Solr Query Performance
Status: In-Progress
Summary
The currently Solr Provider implementation stores and indexes data within the same Solr core/collection (catalog). This same core/collection also contains UI storage such as Workspaces, Queries, etc. In fact the UI elements being stored in this same collection has caused us to implement some inefficient work arounds with commit times in order to support that use-case. As a result, resource that may not change as often also loses some caching ability. Additionally, stored data is persisted in the same core/collection as the index. These are separate capabilities that should be independent from one another.
Stakeholders
DDF installations with large numbers of records and defined performance requirements.
Use Cases
List of key use cases to consider for the design. Could be in the form of user stories for user facing features.
Use case 1 title
Use case 1 description if necessary
Assumptions
- The implementation needs to work with existing methods in the Catalog Framework, and should allow for a single catalog core to exist for the unzip and run use case.
Functional Requirements
N/A
Non-functional Requirements
- Query performance. In order to provide a Google-like experience, queries need to be extremely performant and take advantage of caching whenever possible.
- Ingest performance should also not suffer with the implementation. A secondary consideration is that as long as the data storage and index are separated, it is possible to updated indexing strategies over time and re-index based on stored data.
Qualities
Constraints
- Solution should work within existing SolrProvider in DDF, and not require CatalogFramework changes. The solution will should appear to the CatalogFramework as a CatalogProvider if the existing SolrCatalogProvider cannot be easily extended.
Candidate Solutions
Update Solr Catalog Provider
The Solr Catalog Provider will be updated.
- Separate the storage and indexing capabilities
- New interfaces:
SolrStorageProvider
SolrIndexProvider - New Implementation
SimpleStorageProvider
SimpleIndexProvider
- New interfaces:
- Create SolrClientFactory
This factory will be responsible for returning a Solr client that is configured to communicate with the correct Solr core/collection. For the unzip and run use case, this will always return catalog as it is currently implemented.
Basic Class Diagram: solr-provider.pptx
Analysis
Security Impact / Considerations
Threat Model
N/A
Risk Analysis
N/A - The approach has no additional security implications above the current implementations. If a non-Solr storage provider is used, then the incorporation of the tool will need to be individually analyzed (e.g.
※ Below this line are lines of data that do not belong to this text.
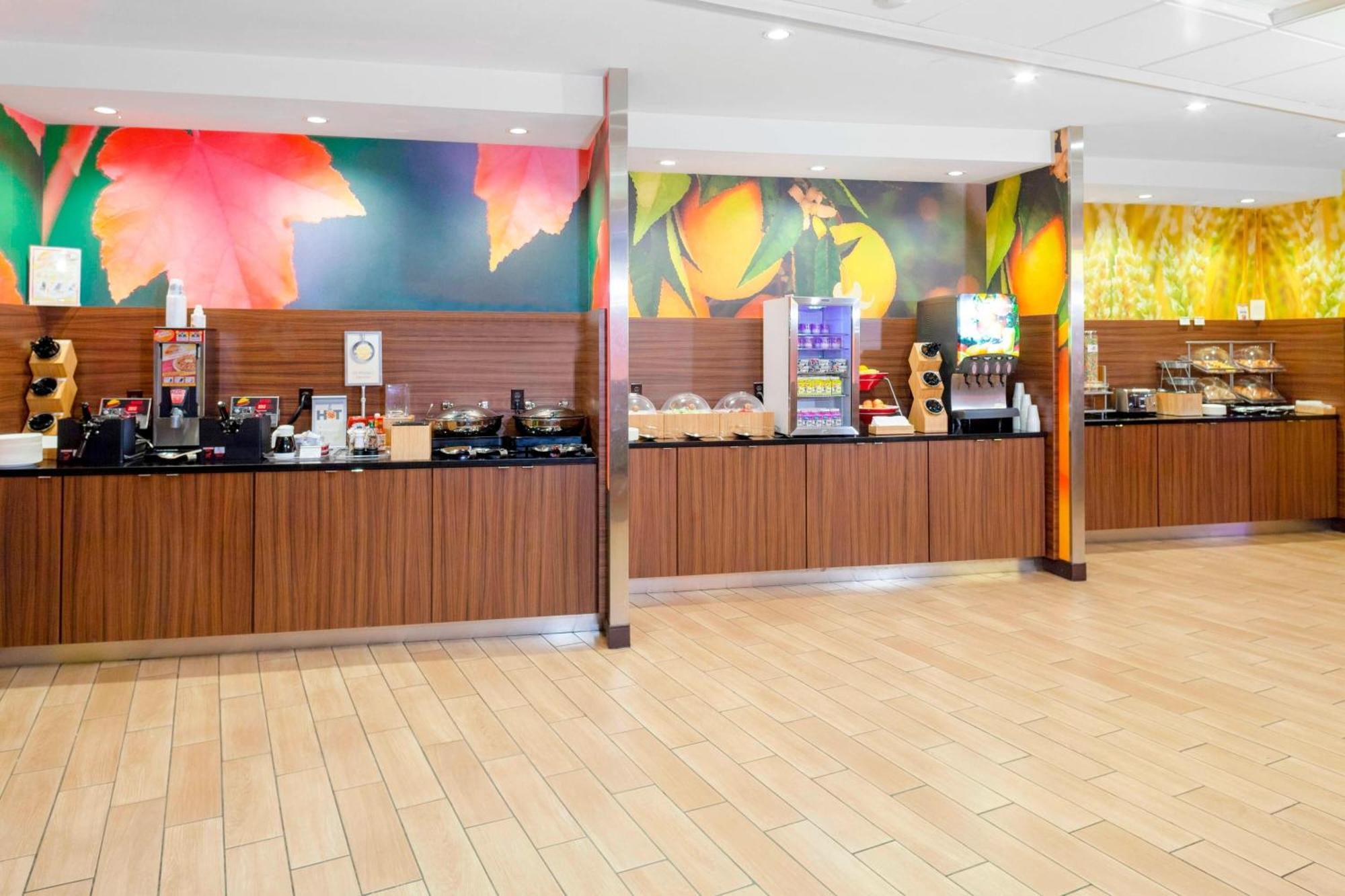 Fairfield Inn & Suites By Marriott אלאמוסה מראה חיצוני תמונה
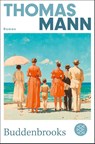 Buddenbrooks - Thomas Mann - 9783596294312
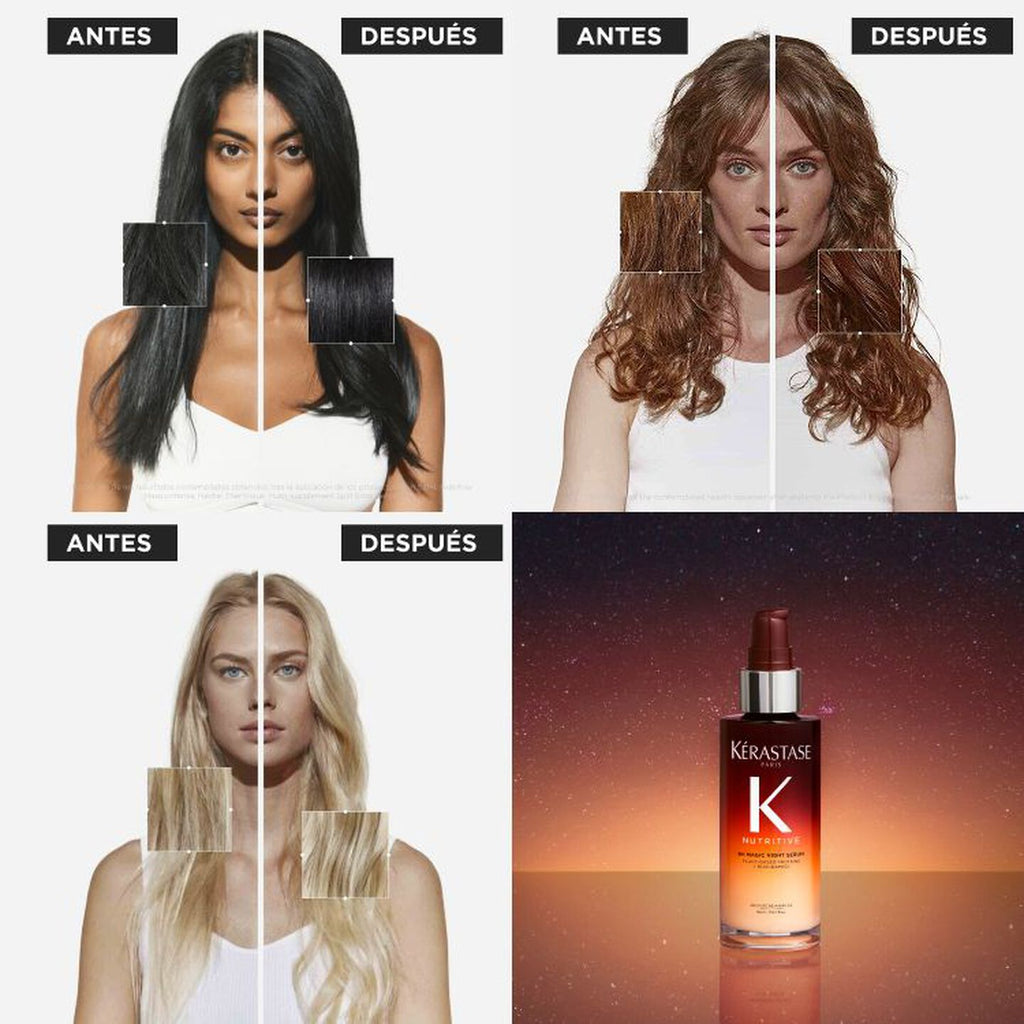 Kérastase No Aplicable K NUTRI 8HNS DUO SPRING 2026 SET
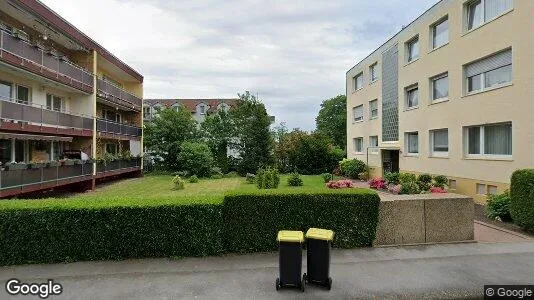 Apartments for rent in Dortmund - Photo from Google Street View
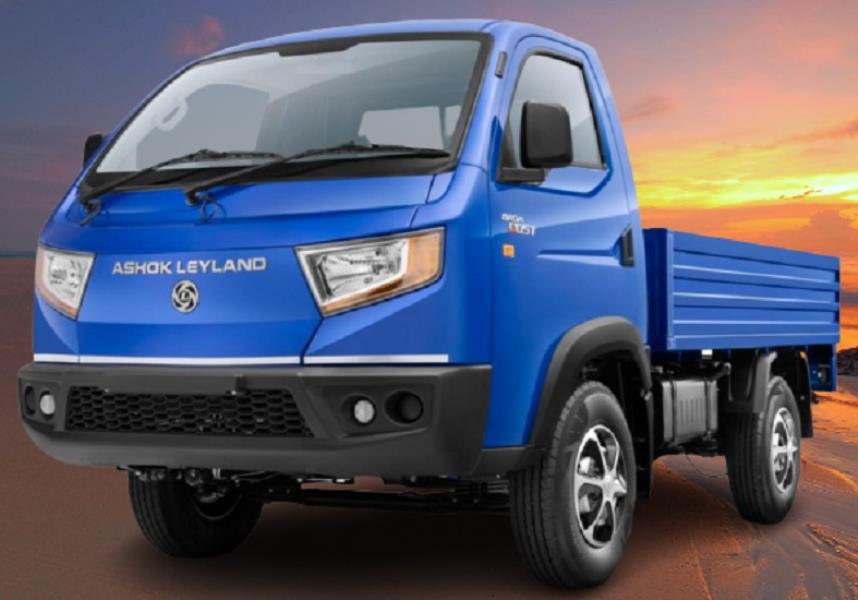 Ashok Leyland Bada Dost i4 LX Small Vehicles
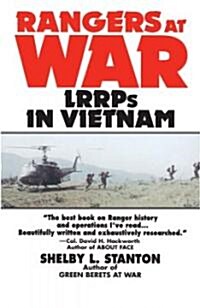 Rangers at War: Lrrps in Vietnam (Paperback)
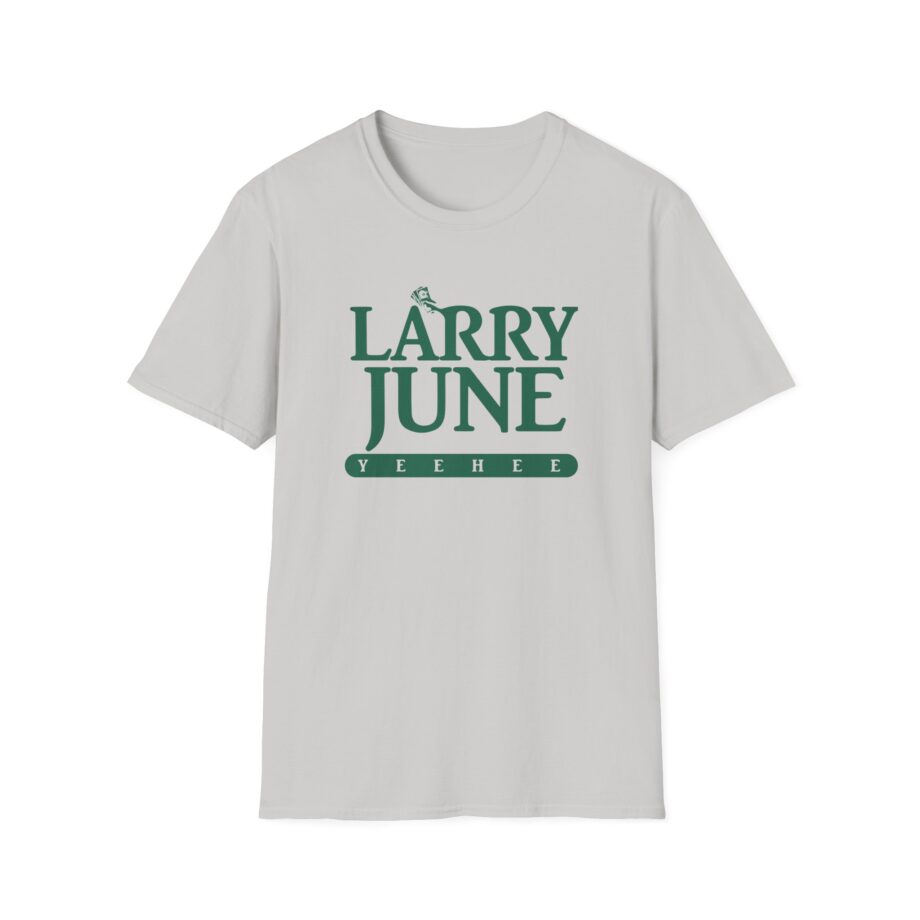 Larry June Yeehee Unisex Softstyle T-shirt
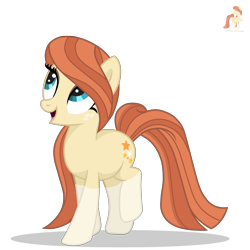 Size: 2500x2500 | Tagged: safe, artist:r4hucksake, derpibooru import, oc, oc only, oc:frazzle, earth pony, pony, female, mare, not button's mom, simple background, solo, transparent background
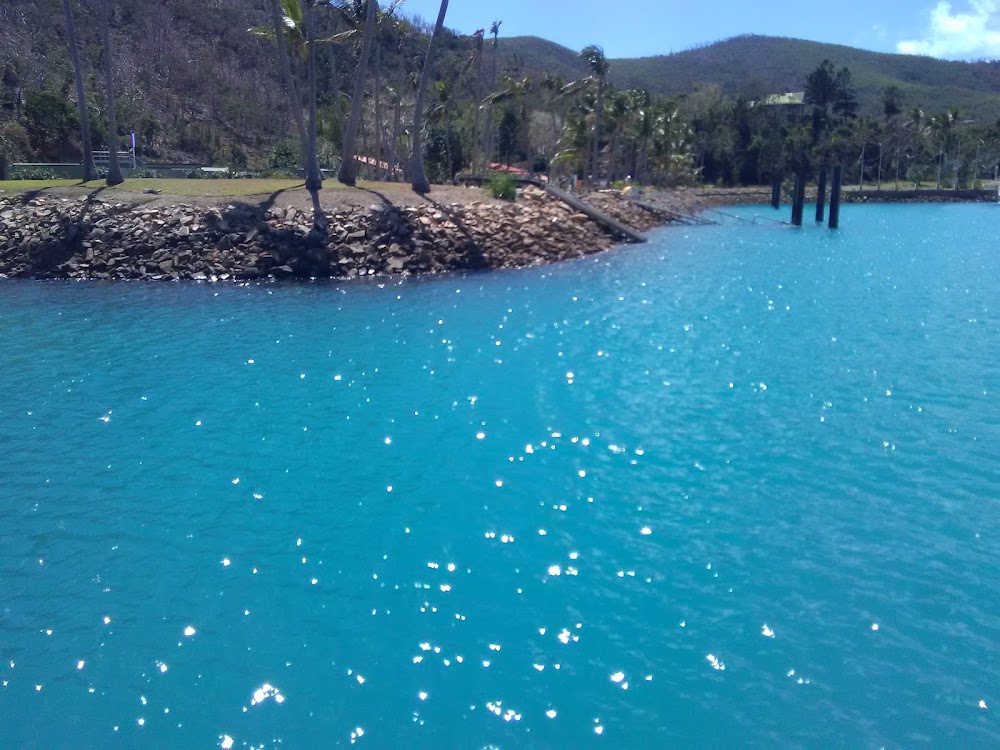 Whitsunday Passage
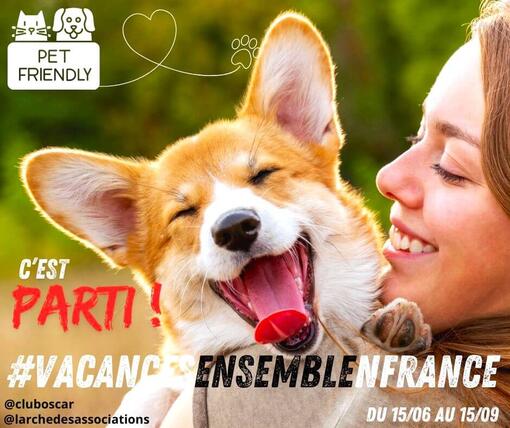 Vacances Ensemble En France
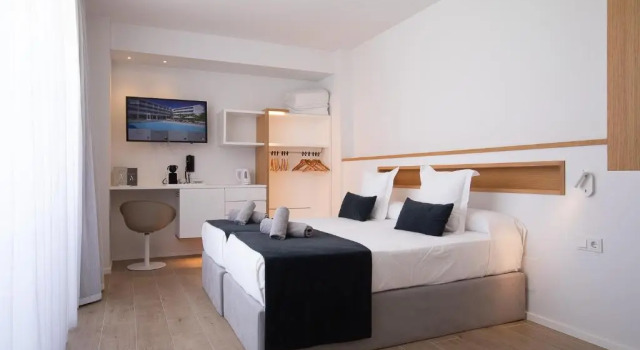 Двухместный номер Superior Hotel Anfora Ibiza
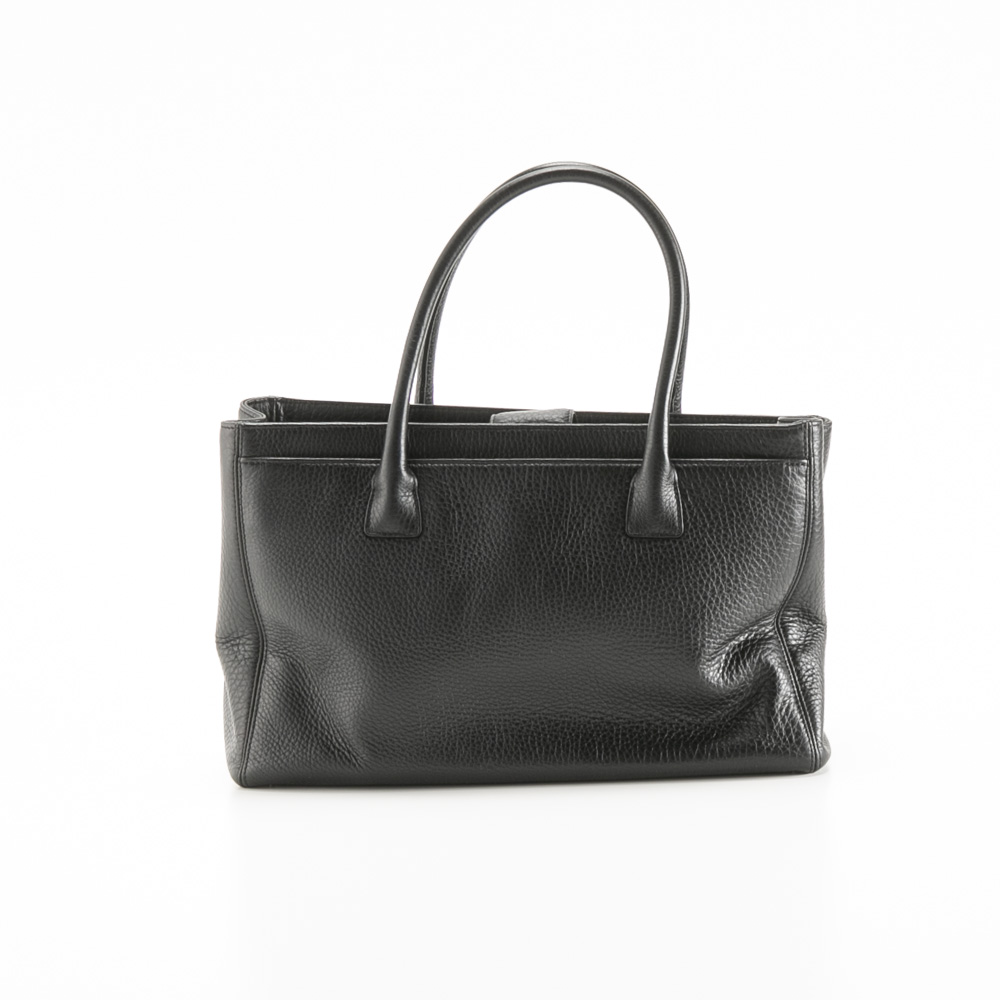 【ヴィンテージ・中古】シャネル CHANEL ハンド・トートバッグ エグゼクティブ トート ターンロック A15206【FITHOUSE ONLINE SHOP】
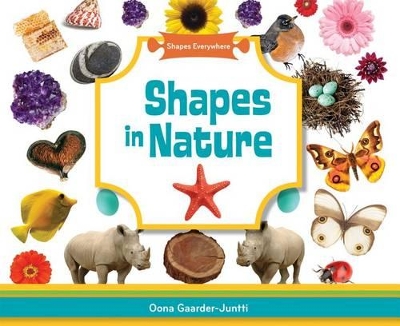 Shapes in Nature book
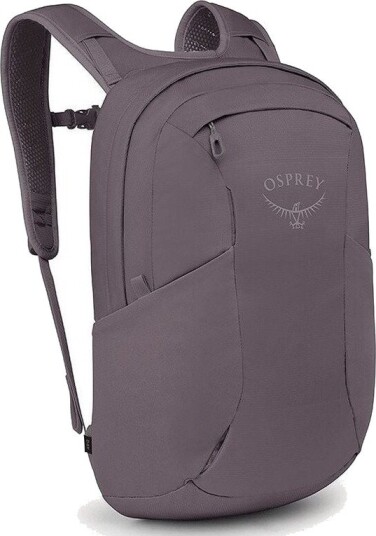 Osprey Farpoint Fairview Travel Daypack Graphite Purple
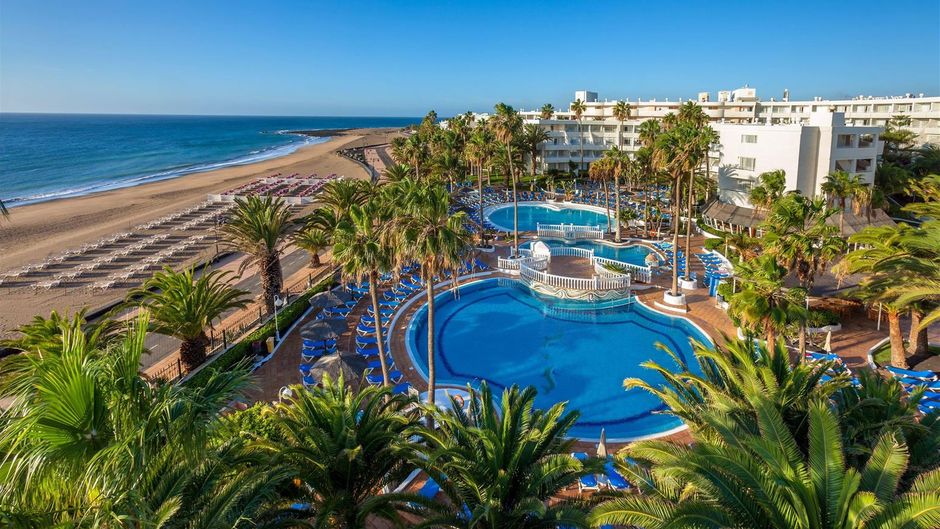 Sol Lanzarote Pool
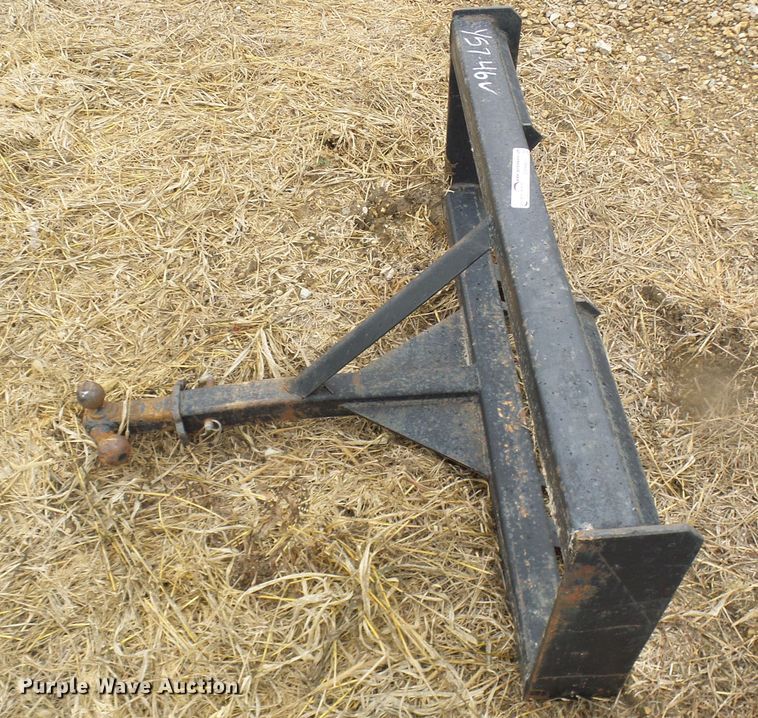 image for item EP9903 Skid steer trailer mover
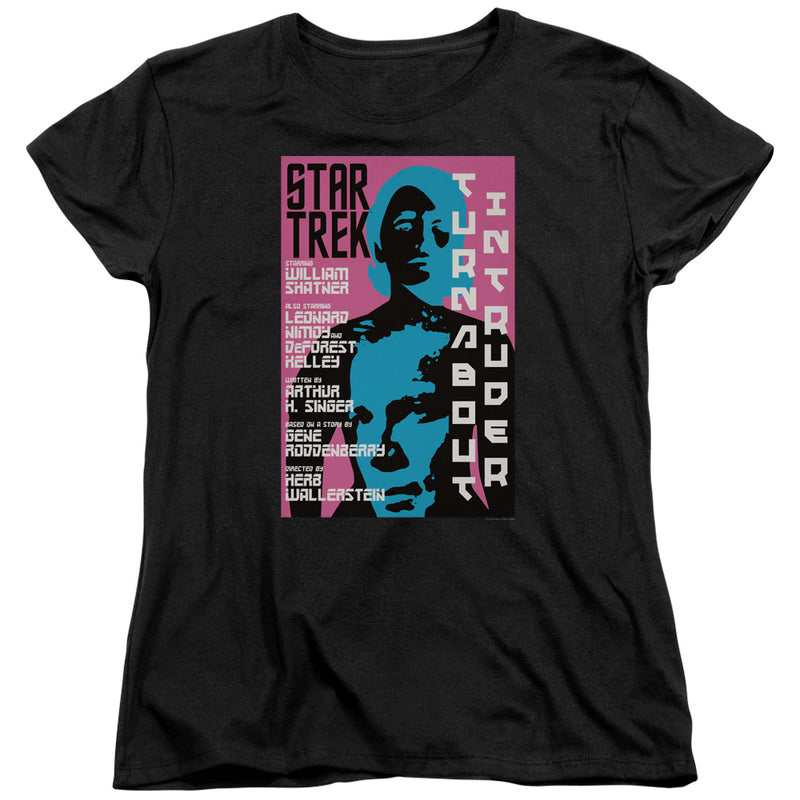 Star Trek - TOS Episode 79 (Black)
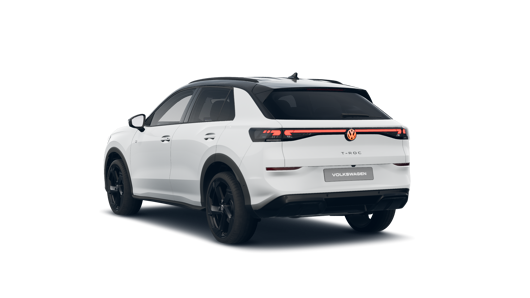 Bild eines T-Roc R-Line eTSI DSG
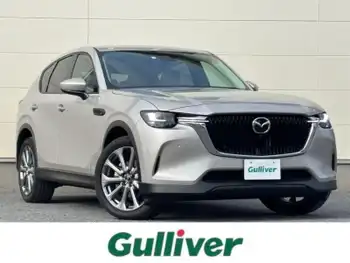 マツダ ＣＸ－６０ XD Lパッケージ 純正ナビ/全方位カメラ/前後ドラレコ/ETC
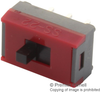 Slide Switch, Spdt, 0.1A, 30Vdc, Th; Contact Configuration Marquardt - 48AC7663 - Newark, An Avnet Company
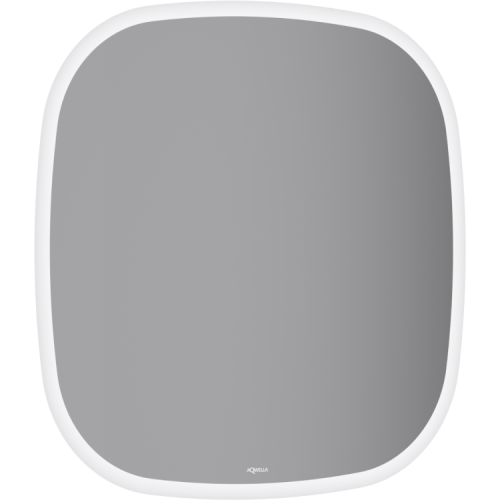 Зеркало с подсветкой Aqwella Y AUR0208AH 80х80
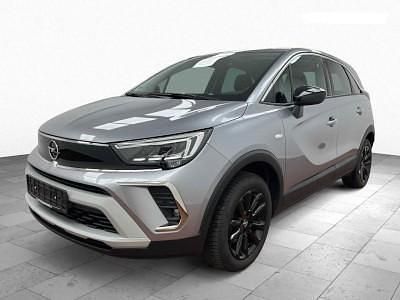 Grau Gebraucht 2024 Opel Crossland X Elegance SUV | 16.290 € (Fairer Preis) - Bild 1/4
MySQL, MariaDB, PostgreSQL).
Strengths
- Ability to optimize indexing and storage independently.
- Storage provider can be anything including traditional RDBMS.
- Will have internal abilities to reindex data from existing stored data.
- Ability to optimize index collections more appropriately based on data being stored (UI data, resource data, archive vs current, resource content, etc).
- Opportunities for different commit settings (Near Real Time vs Seconds/Minutes)
- Opportunities to optimize index fields based on the particular data being indexed
Weaknesses
- Complexity
- Storing and Retrieving data will be more complex as the routing rules need to be deterministic for splitting cores/collections.
- Retrieving data is more complex as it requires querying the index for matches, and using returned ID's to get individual records.
Risks
list of potential risks for approach
Recommendation
Tickets to perform this work:
Create new CatalogProvider: https://github.com/codice/ddf/issues/4999
Create API to separate StorageProvider and IndexProvider: https://github.com/codice/ddf/issues/5000
Create Solr StorageProvider: https://github.com/codice/ddf/issues/5001
Create Solr IndexProvider: https://github.com/codice/ddf/issues/5002
Create PostgreSQL StorageProvider: https://github.com/codice/ddf/issues/5003
Decision
Final decision on selected solution. Can be overturned with a new ADR if context significantly changes/invalidated or better solutions become available.
Consequences
Impacts discovered during development or post deployment can be recorded here.